● **What to produce**
The data below is to be transcribed word for word; pictures are to be excluded.
### Data below
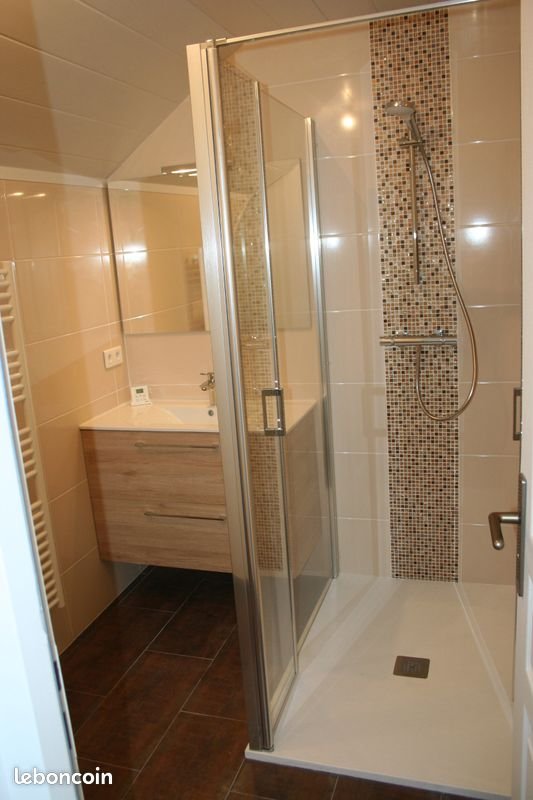 Appartement à louer, 75m², Brunoy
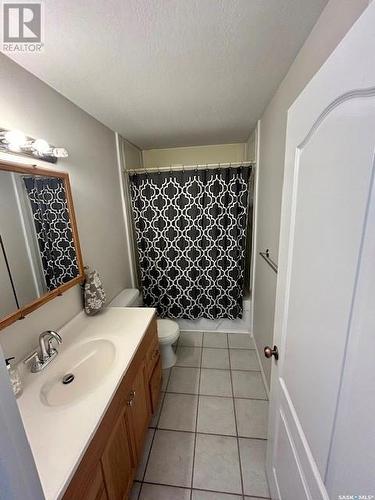 193 Vickers Crescent, Air Ronge, SK - Indoor Photo Showing Bathroom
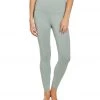 Balance Collection Ultra High Waisted Yoga Leggings Slate Grey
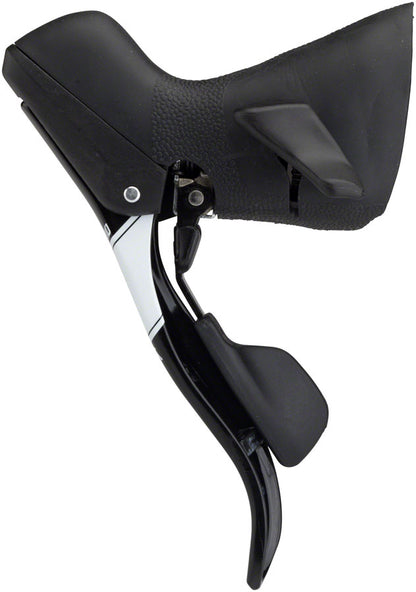 microSHIFT Centos Drop Bar Shifters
######
● **Problem solution**
 Appartement à louer, 75m², Brunoy
 193 Vickers Crescent, Air Ronge, SK - Indoor Photo Showing Bathroom
 Balance Collection Ultra High Waisted Yoga Leggings Slate Grey
 microSHIFT Centos Drop Bar Shifters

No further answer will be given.